The Daily Star (Editorial)
September 22, 2011 - 12:00am

U.S. President Barack Obama couldn’t have said it any better when he told the United Nations General Assembly that there was “no shortcut” to peace in the Middle East.

Obama was responding to the drive by the Palestinians to secure official U.N. recognition for their independent state. The U.S. president probably thought he was being statesmanlike and realistic by solemnly declaring that “statements and resolutions” at the U.N. will not bring such a state into existence.

Obama is resoundingly and definitively correct when he says there is no short-cut to a durable peace.

He and his administration must convince the Israelis to dismantle settlements, which are illegal on occupied territory under international law. It will be difficult for the White House to convince the Israelis that they must commit to a set of borders; but this is necessary for any state to gain acceptance as the good neighbor of others.

The U.S. administration will have its work cut out for it as it seeks to elicit a change in Israel’s behavior, but as Obama said, there can be no short-cuts.

The American president also told the countries of the world that Israel is surrounded by people who have launched attacks against it.

Again, there can be no short-cuts to erasing the impact of such rhetoric. Obama and his advisers will have to work against the decades-long portrayal of Israel as the eternal victim, when it in fact flouts international law and U.N. resolutions on a daily basis.

But the task isn’t impossible – it’s only in the U.S. and Israel where minds must be changed, since the rest of the world backs the Palestinian point of view.

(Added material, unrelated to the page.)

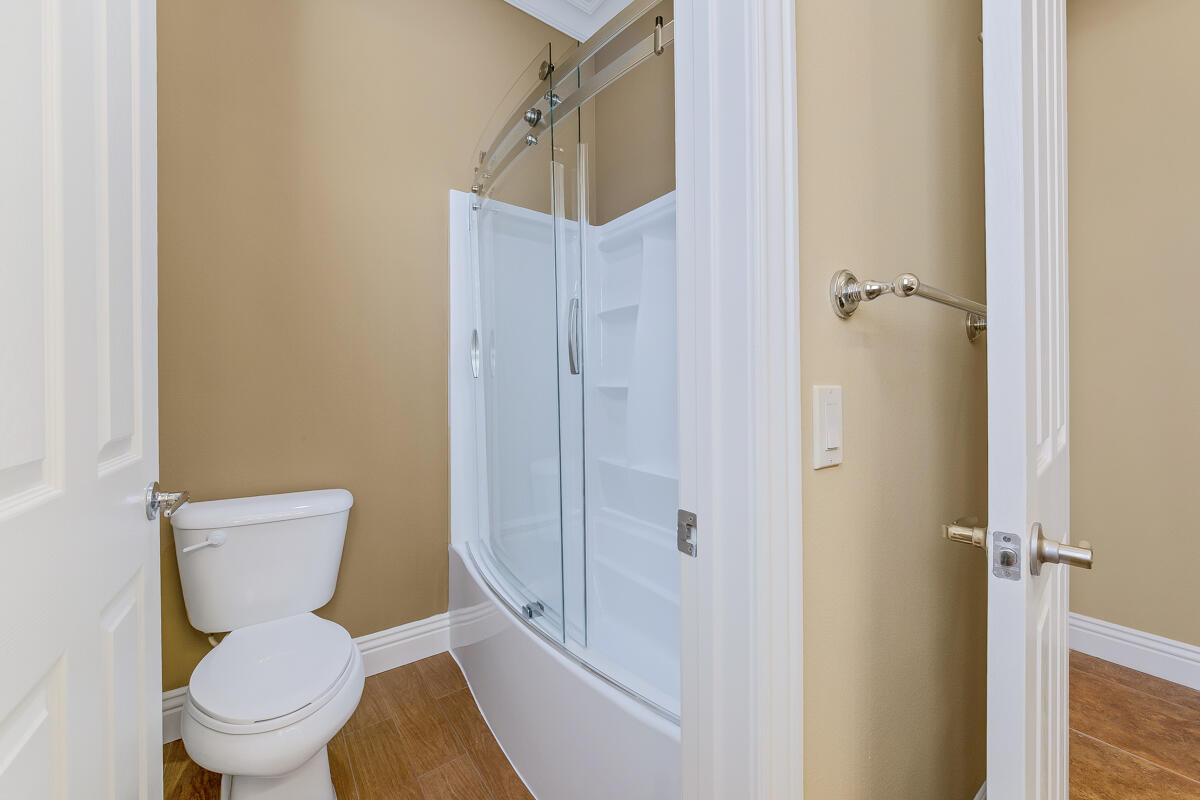 112 Rosetta Court Palm Desert, CA 92211 - Photo 20 of 41 a white toilet sitting next to a bathroom sink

The White House will require considerable time to inculcate the notion of “national sovereignty” by other peoples in its Israeli ally. It will be difficult, but it’s the only way to arriving at a durable peace between states and peoples – not a set of arrangements between a privileged group and a mass of second-class human beings.

Obama won’t have to do much to bring the Palestinians along, since they have already demonstrated a commitment to negotiations, provided that they are meaningful and not just a waste of more time.

The American president should realize that while he should be worried about his re-election chances next year, there is the matter of this year to contend with. Popular uprisings have broken out in a number of Arab countries, where people have been paying attention to what Washington has said and done.

For the most part, they have been disappointed, and they are certainly going to be disappointed by Obama’s latest stance on the region, a flagrant declaration of bias toward Israel and the kind of “same old” policy that has even less value in a year of dramatic change, the kind of change that Obama himself once promised.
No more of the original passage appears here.